# [Task instructions]
Output only the lines below that start at the line containing "photo 5 of 7" and end at the line containing "2025 Dodge Durango R/T Plus", with both ends kept.

# [Listed records]
================

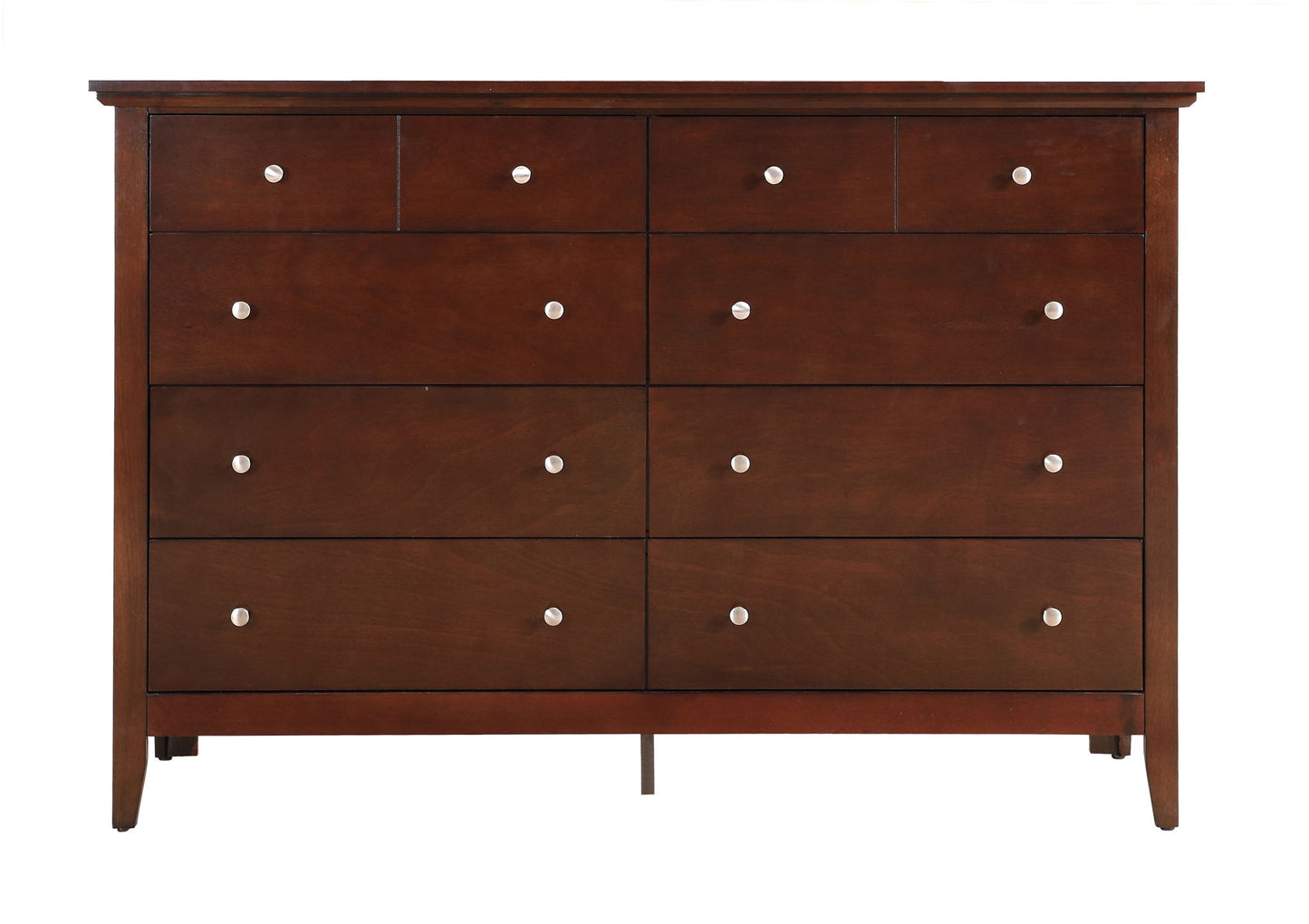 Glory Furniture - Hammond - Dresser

================

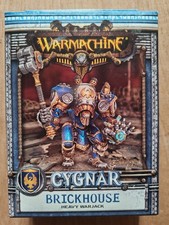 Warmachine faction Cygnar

================

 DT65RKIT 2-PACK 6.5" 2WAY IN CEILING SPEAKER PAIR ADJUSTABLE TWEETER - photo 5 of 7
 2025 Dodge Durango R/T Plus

================

# [Result]
 DT65RKIT 2-PACK 6.5" 2WAY IN CEILING SPEAKER PAIR ADJUSTABLE TWEETER - photo 5 of 7
 2025 Dodge Durango R/T Plus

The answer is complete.